Kynurenine to tryptophan ratio (KTR) showed a significant association with. ARB responsiveness in diabetic patients with macroalbuminuria after adjusting with other confounding factors.
| Models | Multivariate Odds Ratio (95% Confidence Interval) | |
|---|---|---|
| Unadjusted model | 0.639 (0.415-0.983) | 0.041 * |
| Model 1 (age) | 0.644 (0.417-0.994) | 0.047 * |
| Model 2 (SBP) | 0.619 (0.386-0.991) | 0.046 * |
| Model 3 (eGFR) | 0.377 (0.148-0.964) | 0.042 * |
| Model 4 (gender) | 0.319 (0.112-0.907) | 0.032 * |
| Model 5 (HbA1c) | 0.326 (0.112-0.951) | 0.040 * |
| Model 6 (duration of diabetes) | 0.218 (0.057-0.834) | 0.026 * |
| Model 7 (use of DPP4 inhibitor or GLP-1R agonist or SGLT-2 inhibitor) | 0.098 (0.012-0.814) | 0.032 * |
Serum concentration of kynurenine to tryptophan ratio showed a significant association with ARB responsiveness in diabetic patients with macroalbuminuria after adjusting with multiple models of confounding factors by multivariate logistic regression. * p < 0.05. Model 1 included the continuous variable of age. Model 2 included the continuous variable of age and SBP. Model 3 included the continuous variable of age, SBP, and eGFR. Model 4 included the categorical variable of gender, and the continuous variables of age, SBP and eGFR. Model 5 included the categorical variable of gender, and the continuous variables of age, SBP, eGFR, and HbA1c.Model 6 included the categorical variable of gender, and the continuous variables of age, SBP, eGFR, HbA1c and duration of diabetes. Model 7 included the categorical variable of gender, and use of DPP4 inhibitor or GLP-1R agonist or SGLT-2 inhibitor and the continuous variables of age, SBP, eGFR, HbA1c, and duration of diabetes. Abbreviations: SBP, systolic blood pressure; eGFR, estimated glomerular filtration rate; HbA1c, glycated hemoglobin A1c; DPP4, dipeptidyl-peptidase-4; GLP-1R, glucagon-like peptide-1 receptor; SGLT-2, sodium glucose co-transporters 2.

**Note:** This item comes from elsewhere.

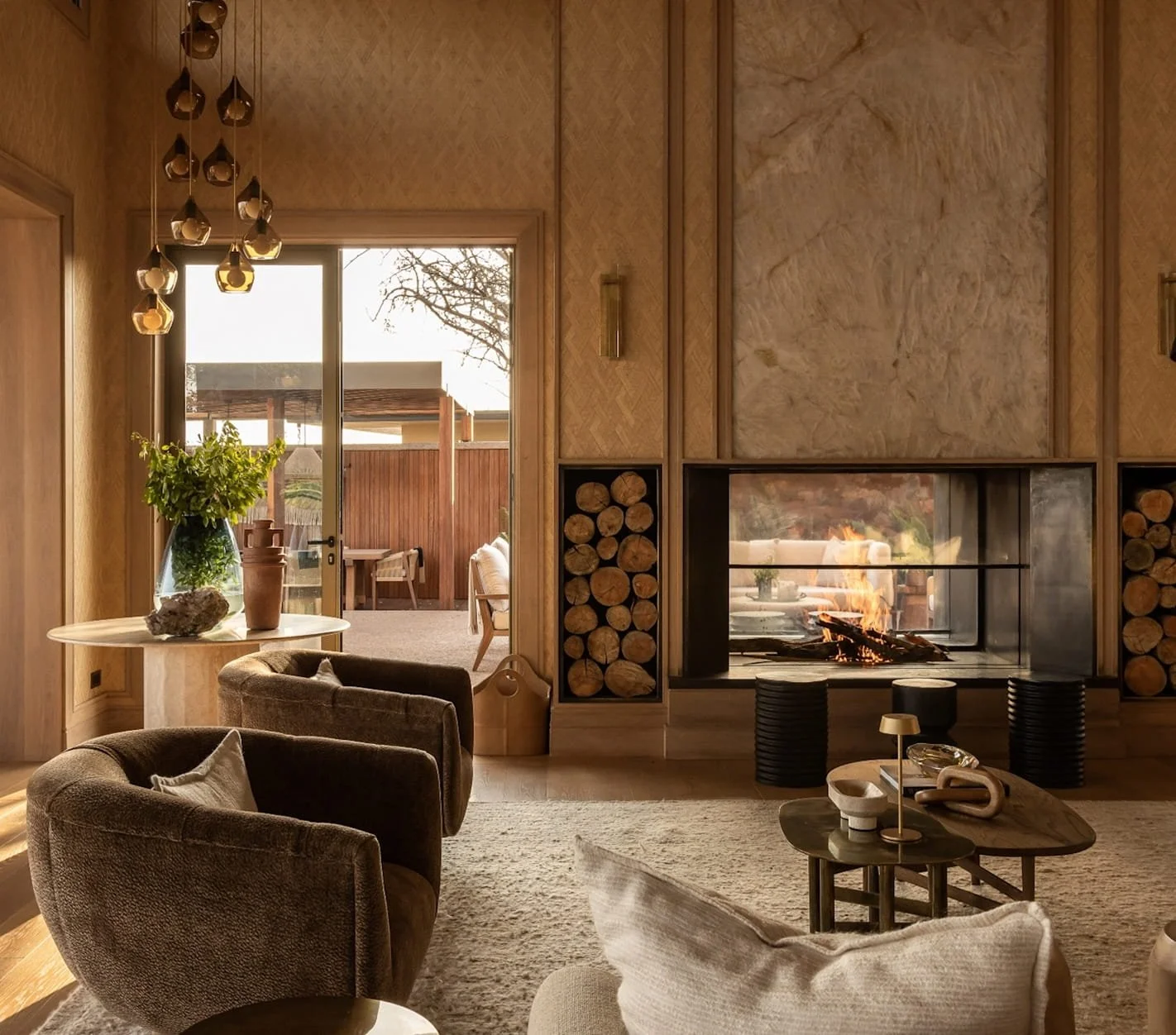 Living room with a stone fireplace, wood logs on either side, a fire burning inside, a round coffee table with decorative items, upholstered chairs, a large plant and vases on a side table, and a patio visible through a glass door with outdoor furniture.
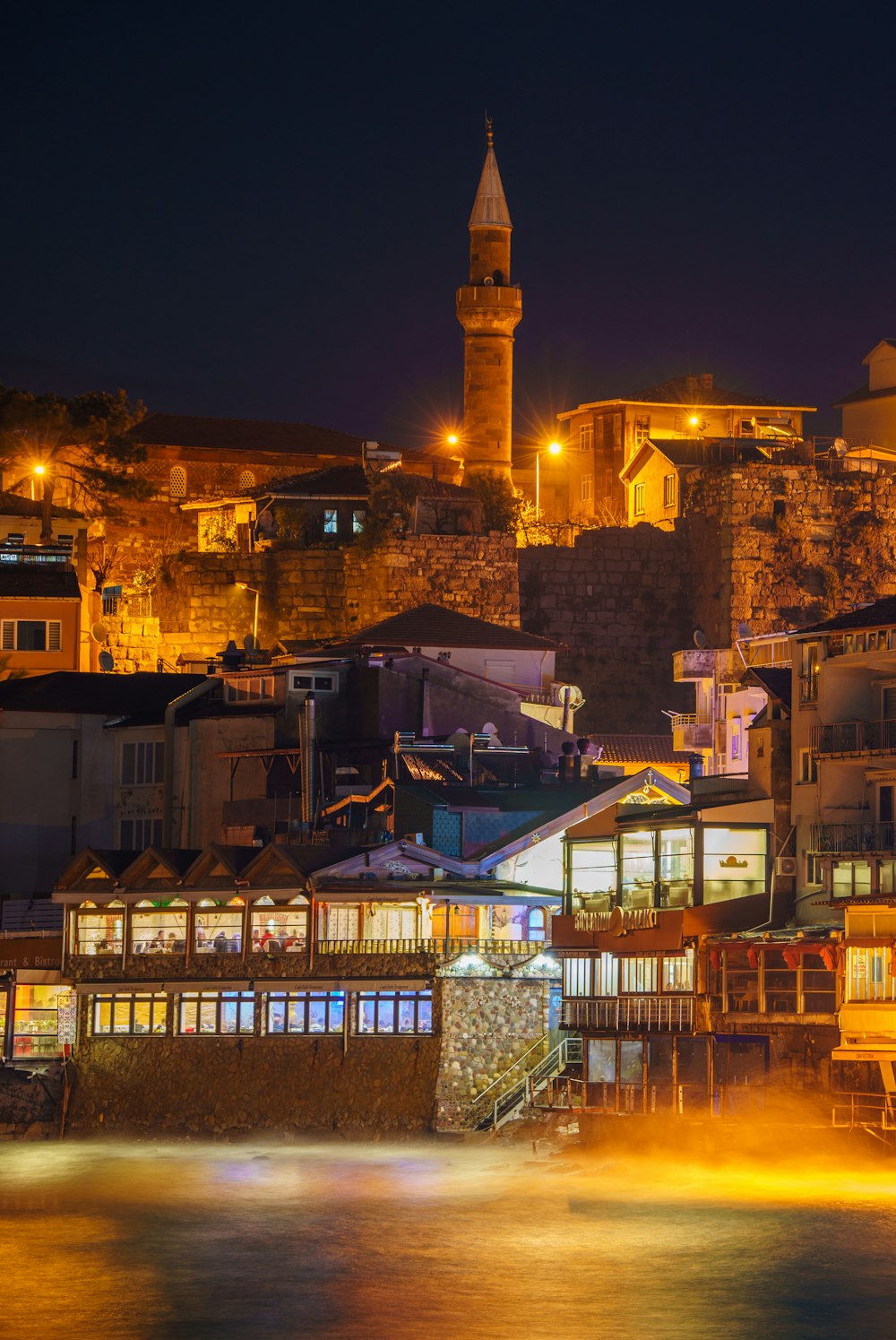 a night view of a city with a clock tower in the background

Figure 2ROC curve analysis was carried out by SPSS (SPSS, Chicago, IL, USA) to determine the best discrimination point of (A) Trp (cut-off value 46.75 μmol/L with sensitivity 61.8% and specificity 77.3%, AUC = 0.704 with 95% CI 0.562–0.846, p = 0.011, SD = 0.073) and KTR (cut-off value 68.5 × 10−3 with sensitivity 50.0% and specificity 86.4%, AUC = 0.687 with 95% CI 0.547–0.827, p = 0.019, SD = 0.071) for predicting MAU. (B) KTR for ARB responsiveness in diabetic patients with MAU (cut-off value 54.7 × 10−3 with sensitivity 90.0% and specificity 50.0%, AUC = 0.729 with 95% CI 0.558–0.899, p = 0.025, SD = 0.087). ROC, receiver operating characteristic; Trp, tryptophan; KTR, kynurenine to tryptophan ratio; ARB, angiotensin receptor blocker; AUC, area under the ROC curve; 95% CI, 95% confidence interval; SD, standard deviation.
Figure 3The kynurenine pathway of tryptophan degradation in mammals. IDO, indoleamine 2,3-dioxygenase; TDO, tryptophan 2,3-dioxygenase; ARB, angiotensin receptor blocker; KAT, kynurenine aminotransferase.